ECLI:NL:RBDHA:2025:2975
Rechtbank Den Haag
- Eerste aanleg - enkelvoudig
- Rechtspraak.nl
Beroep tegen beslissing over WGA-uitkering en geschiktheid van functies in het kader van arbeidsongeschiktheid
In deze zaak heeft de Rechtbank Den Haag op 27 februari 2025 uitspraak gedaan in een beroep tegen een beslissing van de Raad van bestuur van het Uitvoeringsinstituut werknemersverzekeringen (UWV) over de WGA-uitkering van eiser. Eiser, vertegenwoordigd door zijn gemachtigde mr. I. Ouwehand, had beroep ingesteld tegen het bestreden besluit van 10 maart 2023, waarin zijn bezwaren tegen de toekenning van een loongerelateerde WGA-uitkering op basis van 65,76% arbeidsongeschiktheid ongegrond werden verklaard. De rechtbank heeft de verzekeringsarts drs. M. Vervoort als deskundige benoemd om de medische situatie van eiser te beoordelen. De deskundige concludeerde dat de Functionele Mogelijkheden Lijst (FML) van het UWV in overeenstemming was met de medische informatie en dat er geen medische grond was om af te wijken van de beoordeling door het UWV. Eiser voerde aan dat zijn beperkingen onvoldoende waren erkend en dat de functies productiemedewerker industrie en wikkelaar niet geschikt voor hem waren.
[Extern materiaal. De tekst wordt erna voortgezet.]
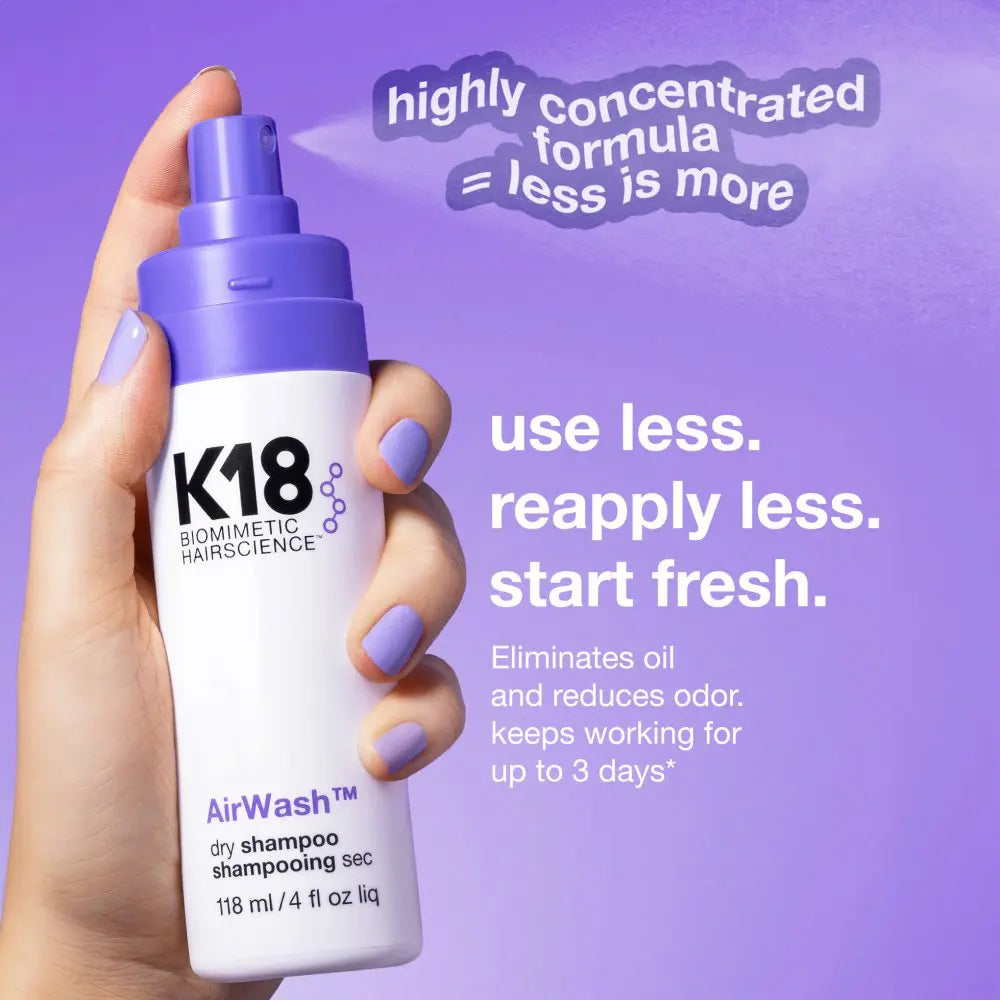K18 Biotech Dry Shampoo 100ml non-aerosol bottle – odor + oil control for up to 3 days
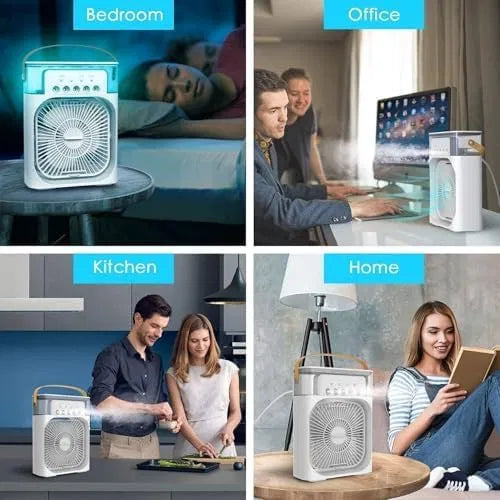 7-Mode LED Mini Evaporative Cooler Fan — Portable Spray Air Cooler for Room & Travel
De rechtbank oordeelde echter dat de deskundige deugdelijk had gemotiveerd dat de beperkingen die door het UWV waren vastgesteld passend waren voor de mate van psychische problematiek van eiser op de datum in geding. De rechtbank volgde het oordeel van de deskundige en verklaarde het beroep ongegrond, waarbij het UWV in zijn besluit werd bevestigd. De rechtbank concludeerde dat eiser terecht recht had op de WGA-uitkering zoals vastgesteld door het UWV.